How to establish a Kubernetes governance strategy

Implement Kubernetes governance

Kubernetes governance applies policies for cluster allocation, deployment, redeployment and scaling. These policies can be set in response to external regulations, through company policies, or by designing an efficient resource pool and ensuring high application availability and experience quality.

When Kubernetes governance involves an IT budget justification, these policies can also enforce the conditions set in the budget justification to ensure the business case is met.

The 3 elements of a Kubernetes governance strategy

Three elements are involved in a Kubernetes governance implementation strategy: targets, scope and policy directives.

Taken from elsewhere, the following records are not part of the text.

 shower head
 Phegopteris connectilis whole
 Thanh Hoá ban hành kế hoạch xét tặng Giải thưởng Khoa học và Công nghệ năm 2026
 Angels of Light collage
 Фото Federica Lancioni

1. Targets are the specific policy goals the strategy must meet. Direct targets, governance objectives and derived targets represent internal steps that IT teams must take to ensure the organization meets those defined targets. The operations team usually sets these targets as the first step of creating a governance framework.
2. Scope is the set of elements to which policies should be applied to address the targets and must address all Kubernetes-visible components. Many organizations derive technical scope from the top, starting with organizational and facility divisions.
3. Policy directives use Kubernetes capabilities to address governance policies across the specified scopes to the direct and derived targets. As the ultimate outcome of a Kubernetes governance framework, policy directives are the final step in establishing Kubernetes governance and are the primary focus of governance projects.

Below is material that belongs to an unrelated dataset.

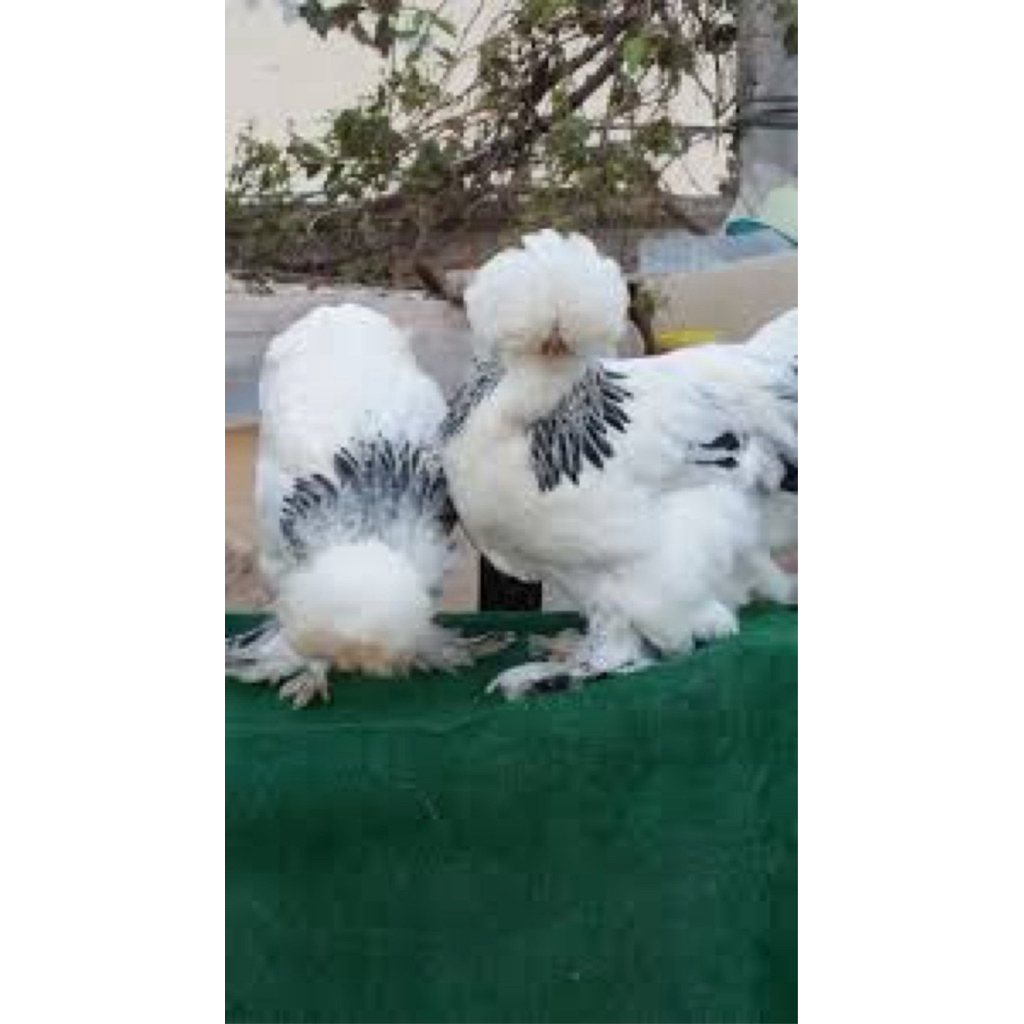 TELUR FERTIL AYAM BRAHMA UNTUK DITETASKAN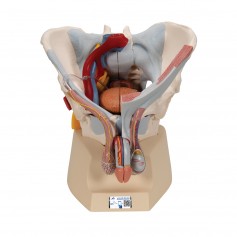 Bassin masculin avec ligaments, vaisseaux, nerfs, plancher pelvien et organes en 7 parties - 3B Smart Anatomy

Types of Kubernetes governance targets

Organizations can divide Kubernetes governance targets into the following categories:

• security
• container image controls
• network controls and configurations
• application deployment, redeployment and scaling

Teams assign a scope for the targets within each category. IT admins use the combinations of targets and scope to create specific policy directives.

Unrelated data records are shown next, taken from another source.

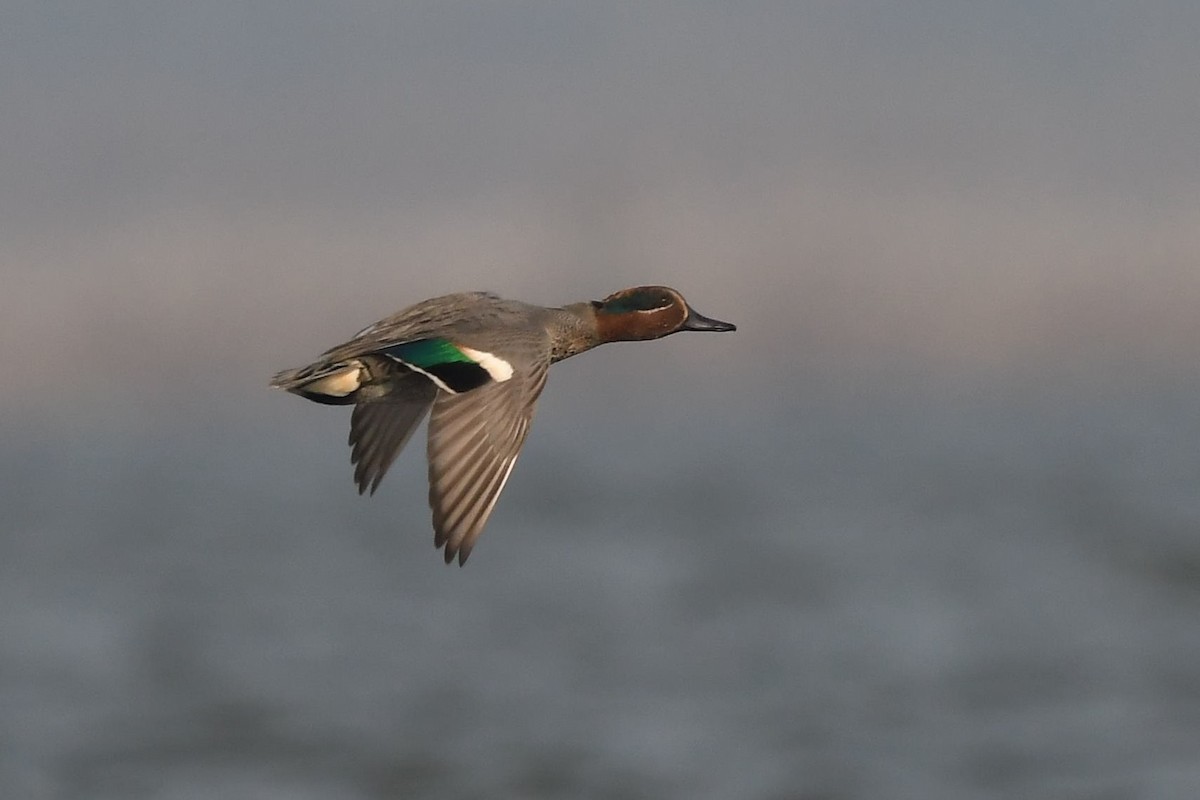 Green-winged Teal - Sriram Reddy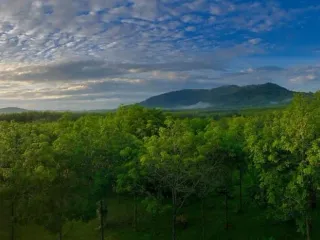 Terreno en venta en Thalang, Phuket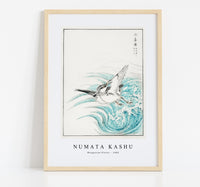 Numata Kashu - Mongolian Plover illustration from Pictorial Monograph of Birds (1885)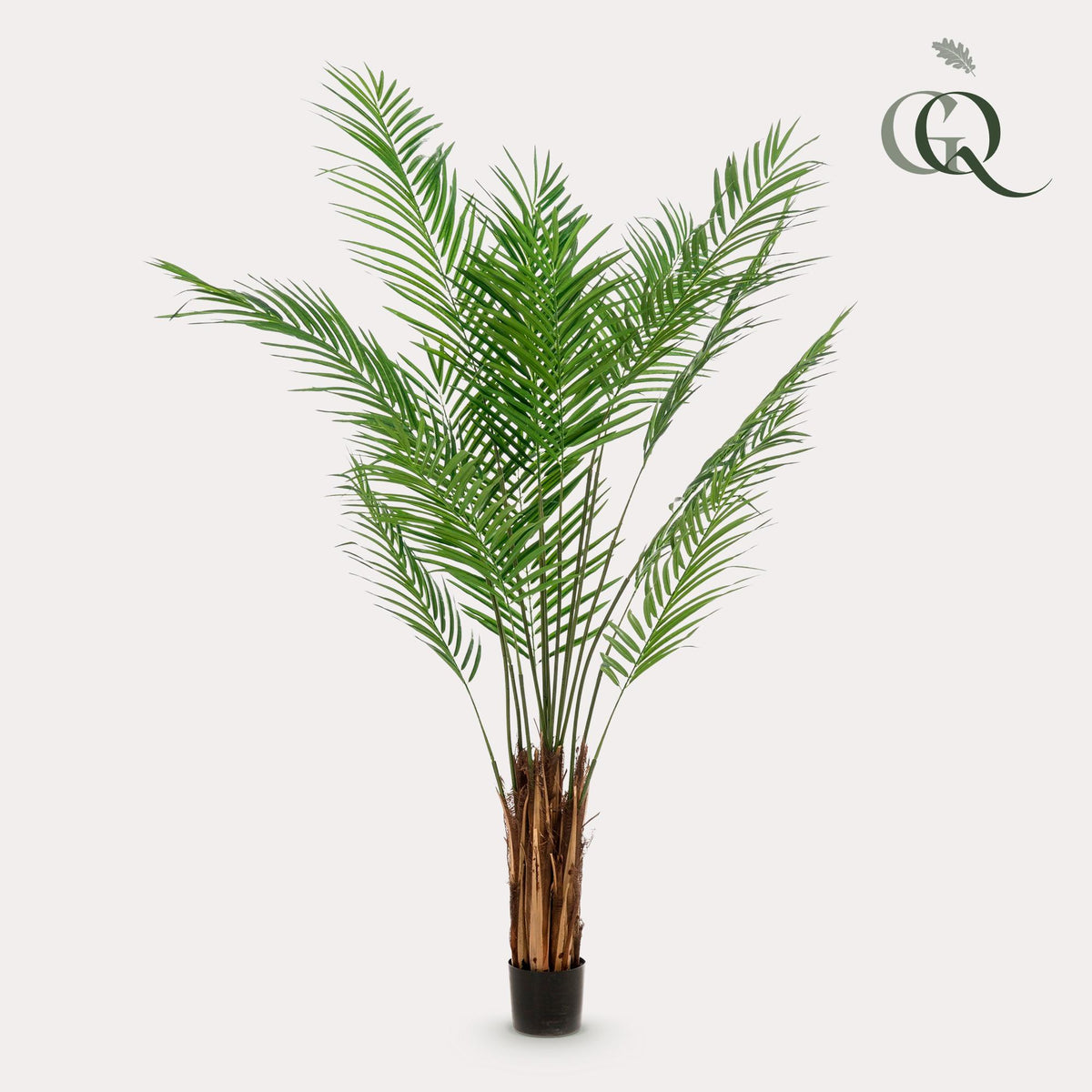 Everspring Kunstpflanze Areca Lutescens, Goldpalme, 180cm oder 240cm, mit grünen Blättern, als Zimmerpflanze.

Security governance for Kubernetes is normally enforced using third-party tools, such as Open Policy Agent, KubeLinter, kube-bench and kube-hunter. Service meshes like Istio can also be used for containerized microservices. Select tools carefully, as some security tools can also enforce policies in other target categories. As a general rule, the fewer tools in use, the better.

Container image controls relate to the development and testing process, and the practices needed to graduate software from testing to production. Governance here is enforced via associated tools, and through the overall development and testing processes.

Most organizations enforce more granular constraints on development and testing than would normally be considered as part of governance. Start with specific governance requirements -- for example, specific testing flows and numbers of warnings -- and refine them with additional development policies to create a framework that works for governance as well as development and software quality control.

The virtual network tool selected is the main provider of network control in Kubernetes. Kubernetes presumes that a cluster's nodes are mutually addressable from within the cluster address space, but anything addressed from the outside must be exposed explicitly.

The question of what to expose lies in application design. Don't expose any more than is necessary to enhance application security. Controlling addressability within a cluster is possible using virtual network features, but this can cause confusion in cluster maintenance and must be documented carefully.

Configuration policies limit which cluster resources organizations or individuals can allocate in the cloud when there is an incremental cost to consider. They can also prevent organizations from seizing more data center resources than they are entitled to use. This type of control is accessed directly through Kubernetes management features.

Kubernetes features

Application deployment, redeployment and scaling are the most familiar of all Kubernetes policy categories. These policies manage the fundamental issue of orchestration: how pods are allocated to nodes and how those allocations change over time.

Four Kubernetes features are typically involved in pod allocation:

• Affinities, which describe attractors, pull pods to particular nodes. This specifies which related application components to keep together for performance reasons.
• Taints -- in contrast to affinities -- repel pods from nodes. This is useful when local regulations on data and content types make it undesirable to host information at a particular node or to prevent low-priority applications from using resources needed for higher-priority ones.
• Tolerations enable granular control of pod allocations to nodes. Pods with a toleration for a particular taint are the only ones that can be scheduled at the tainted node. This allows for a graduated application of taints, rather than a strict yes-or-no decision.
• Horizontal pod autoscaling is a Kubernetes feature that controls a given pod's response to demand. Under load, a given pod might scale "out" by assigning more nodes to pod replicas or scale "back" by removing replica assignments. This controls whether a given application incurs variable costs to match work to resources, which can easily lead to massive cost overruns.

When working with any of these policy categories, IT teams should consider all their governance goals together to avoid creating policies that are redundant or conflicting. Consistency is critical to the success of any governance strategy and to Kubernetes overall.